A consortium of banks agreed to loan 2 billion euros to finance a power plant to be built by German firm Siemens and Egypt’s El Sewedy Electric, Reuters news agency reported.
In a separate deal, the Kuwait Fund for Arab Economic Development agreed to loan US$100 million to help link Egypt’s electricity grid to Saudi Arabia’s.
The 2 billion euro loan to Siemens and El Sewedy group will go towards the construction of a 4,800 megawatt natural-gas burning, combined cycle power plant in Beni Suef.
The plant is the first phase in an 8-billion-euro plan that calls for Siemens and its local partners Elsewedy and Orascom to build three gas-fired plants, with a total capacity of 14.4 gigawatts, as well as 12 wind farms with a combined capacity of 2 gigawatts. Plans, which were announced in June call for the first 4.4 gigawatts to come online by summer 2017, with the rest within 38 months of financing agreements being reached.

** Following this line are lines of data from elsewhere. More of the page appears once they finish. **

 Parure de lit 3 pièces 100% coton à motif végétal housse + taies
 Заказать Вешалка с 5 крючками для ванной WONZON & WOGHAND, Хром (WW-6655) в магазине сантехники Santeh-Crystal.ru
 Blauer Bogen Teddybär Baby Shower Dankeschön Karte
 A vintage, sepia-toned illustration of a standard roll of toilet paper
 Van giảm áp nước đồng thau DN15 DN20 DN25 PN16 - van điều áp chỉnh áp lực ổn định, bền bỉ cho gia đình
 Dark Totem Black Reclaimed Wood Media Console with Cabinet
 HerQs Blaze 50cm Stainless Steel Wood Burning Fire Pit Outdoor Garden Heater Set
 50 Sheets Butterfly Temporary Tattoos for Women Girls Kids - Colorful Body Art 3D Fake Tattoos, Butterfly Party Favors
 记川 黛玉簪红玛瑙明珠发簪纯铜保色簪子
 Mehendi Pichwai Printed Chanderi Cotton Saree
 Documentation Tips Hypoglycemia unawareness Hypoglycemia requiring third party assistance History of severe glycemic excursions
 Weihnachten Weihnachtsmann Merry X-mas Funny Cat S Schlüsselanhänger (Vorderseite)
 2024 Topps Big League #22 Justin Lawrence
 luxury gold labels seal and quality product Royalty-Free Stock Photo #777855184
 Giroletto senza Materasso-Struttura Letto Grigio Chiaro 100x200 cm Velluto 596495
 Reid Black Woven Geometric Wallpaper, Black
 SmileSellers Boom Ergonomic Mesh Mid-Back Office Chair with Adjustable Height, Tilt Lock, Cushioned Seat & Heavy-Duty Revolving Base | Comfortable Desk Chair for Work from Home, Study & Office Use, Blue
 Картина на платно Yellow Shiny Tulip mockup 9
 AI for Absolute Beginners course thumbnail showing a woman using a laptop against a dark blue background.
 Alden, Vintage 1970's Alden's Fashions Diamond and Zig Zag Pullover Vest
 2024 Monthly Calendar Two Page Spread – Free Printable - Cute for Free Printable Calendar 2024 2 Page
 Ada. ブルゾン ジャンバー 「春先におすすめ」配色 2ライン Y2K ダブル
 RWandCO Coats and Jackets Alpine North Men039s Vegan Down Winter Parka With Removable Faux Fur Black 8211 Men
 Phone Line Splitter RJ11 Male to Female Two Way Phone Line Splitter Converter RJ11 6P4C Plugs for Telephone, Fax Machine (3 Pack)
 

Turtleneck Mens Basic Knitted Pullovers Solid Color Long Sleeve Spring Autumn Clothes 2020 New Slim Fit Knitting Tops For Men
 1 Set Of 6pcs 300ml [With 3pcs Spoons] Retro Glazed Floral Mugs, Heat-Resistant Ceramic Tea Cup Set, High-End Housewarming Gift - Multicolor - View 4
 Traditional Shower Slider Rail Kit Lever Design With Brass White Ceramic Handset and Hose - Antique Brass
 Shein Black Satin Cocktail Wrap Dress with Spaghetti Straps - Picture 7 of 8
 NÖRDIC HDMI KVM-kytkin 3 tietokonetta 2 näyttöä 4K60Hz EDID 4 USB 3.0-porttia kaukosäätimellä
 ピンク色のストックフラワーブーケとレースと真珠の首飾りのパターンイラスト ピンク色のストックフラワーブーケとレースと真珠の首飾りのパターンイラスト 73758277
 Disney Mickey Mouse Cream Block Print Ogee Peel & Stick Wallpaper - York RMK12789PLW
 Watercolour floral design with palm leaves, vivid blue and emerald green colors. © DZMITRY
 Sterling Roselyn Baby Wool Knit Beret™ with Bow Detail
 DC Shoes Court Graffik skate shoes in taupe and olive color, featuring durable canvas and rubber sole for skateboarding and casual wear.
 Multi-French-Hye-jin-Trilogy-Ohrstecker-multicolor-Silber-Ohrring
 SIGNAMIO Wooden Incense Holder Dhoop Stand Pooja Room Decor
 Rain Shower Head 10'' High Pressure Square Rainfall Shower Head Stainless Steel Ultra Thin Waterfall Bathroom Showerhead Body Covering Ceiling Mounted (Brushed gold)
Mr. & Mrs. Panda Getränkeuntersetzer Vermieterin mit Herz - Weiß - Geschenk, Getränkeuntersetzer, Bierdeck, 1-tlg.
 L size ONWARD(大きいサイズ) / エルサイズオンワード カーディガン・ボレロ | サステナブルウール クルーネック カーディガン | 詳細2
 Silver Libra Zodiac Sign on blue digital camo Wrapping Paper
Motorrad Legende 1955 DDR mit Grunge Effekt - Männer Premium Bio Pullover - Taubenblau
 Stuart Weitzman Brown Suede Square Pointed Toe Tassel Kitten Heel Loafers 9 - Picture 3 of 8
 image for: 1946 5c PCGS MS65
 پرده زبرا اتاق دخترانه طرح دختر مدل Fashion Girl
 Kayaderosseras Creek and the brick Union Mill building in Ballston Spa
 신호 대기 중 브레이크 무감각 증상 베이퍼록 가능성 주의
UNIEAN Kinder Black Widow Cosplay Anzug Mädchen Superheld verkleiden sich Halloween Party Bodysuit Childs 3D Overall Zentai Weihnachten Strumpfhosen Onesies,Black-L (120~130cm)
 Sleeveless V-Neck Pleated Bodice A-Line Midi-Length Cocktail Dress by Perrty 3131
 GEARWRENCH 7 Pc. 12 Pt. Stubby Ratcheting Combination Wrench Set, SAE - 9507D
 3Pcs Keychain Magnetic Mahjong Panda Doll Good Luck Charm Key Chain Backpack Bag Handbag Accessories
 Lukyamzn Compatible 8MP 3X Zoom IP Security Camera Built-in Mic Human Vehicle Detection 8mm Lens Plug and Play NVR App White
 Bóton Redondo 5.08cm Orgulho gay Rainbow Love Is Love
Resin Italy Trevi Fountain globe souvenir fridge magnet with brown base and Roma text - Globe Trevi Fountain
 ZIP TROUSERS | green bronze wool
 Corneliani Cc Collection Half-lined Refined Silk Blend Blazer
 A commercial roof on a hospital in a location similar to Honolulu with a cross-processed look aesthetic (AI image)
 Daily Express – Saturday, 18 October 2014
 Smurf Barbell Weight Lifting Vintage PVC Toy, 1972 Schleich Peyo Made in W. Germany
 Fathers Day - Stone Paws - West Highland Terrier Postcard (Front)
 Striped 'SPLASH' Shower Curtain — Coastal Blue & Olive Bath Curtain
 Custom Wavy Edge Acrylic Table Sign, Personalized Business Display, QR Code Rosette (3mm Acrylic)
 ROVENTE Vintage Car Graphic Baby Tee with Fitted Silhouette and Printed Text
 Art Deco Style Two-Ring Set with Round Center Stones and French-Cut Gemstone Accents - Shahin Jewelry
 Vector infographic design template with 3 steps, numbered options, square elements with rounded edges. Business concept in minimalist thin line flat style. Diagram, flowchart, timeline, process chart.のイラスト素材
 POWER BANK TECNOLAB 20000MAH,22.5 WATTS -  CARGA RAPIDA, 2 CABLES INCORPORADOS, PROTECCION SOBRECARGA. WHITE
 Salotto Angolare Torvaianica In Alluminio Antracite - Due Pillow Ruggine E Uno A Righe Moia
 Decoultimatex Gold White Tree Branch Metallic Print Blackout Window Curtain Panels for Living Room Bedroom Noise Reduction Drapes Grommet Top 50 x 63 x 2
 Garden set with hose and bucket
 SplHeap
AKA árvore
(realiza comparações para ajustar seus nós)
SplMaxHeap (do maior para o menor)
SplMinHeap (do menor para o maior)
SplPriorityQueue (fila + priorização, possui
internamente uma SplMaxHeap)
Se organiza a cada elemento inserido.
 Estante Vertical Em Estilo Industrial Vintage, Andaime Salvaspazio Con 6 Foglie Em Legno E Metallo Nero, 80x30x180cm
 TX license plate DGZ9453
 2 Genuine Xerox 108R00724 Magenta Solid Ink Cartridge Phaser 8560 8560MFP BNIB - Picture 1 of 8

The contract is the largest in Siemen’s history, and the company claims it will increase Egypt’s power generation by 50 percent.
Meanwhile, Egypt and the Kuwait Fund signed a 30 million Kuwaiti dinar (roughly US$100 million) loan that will help finance a long-discussed plan to join the national energy grids of Egypt and Kuwait. The $1.6 billion project aims to allow the two countries to share roughly 3,000 megawatts of electricity, taking advantage of the fact that Saudi Arabia’s electricity demand peaks in the afternoon, while Egypt’s peaks after sunset. It is part of a larger plan to interconnect energy grids throughout the Arab world, the Electricity Minister said.
Faced in recent years with crippling summertime power cuts, Egypt’s government is seeking to increase and upgrade the country’s electricity-generating facilities.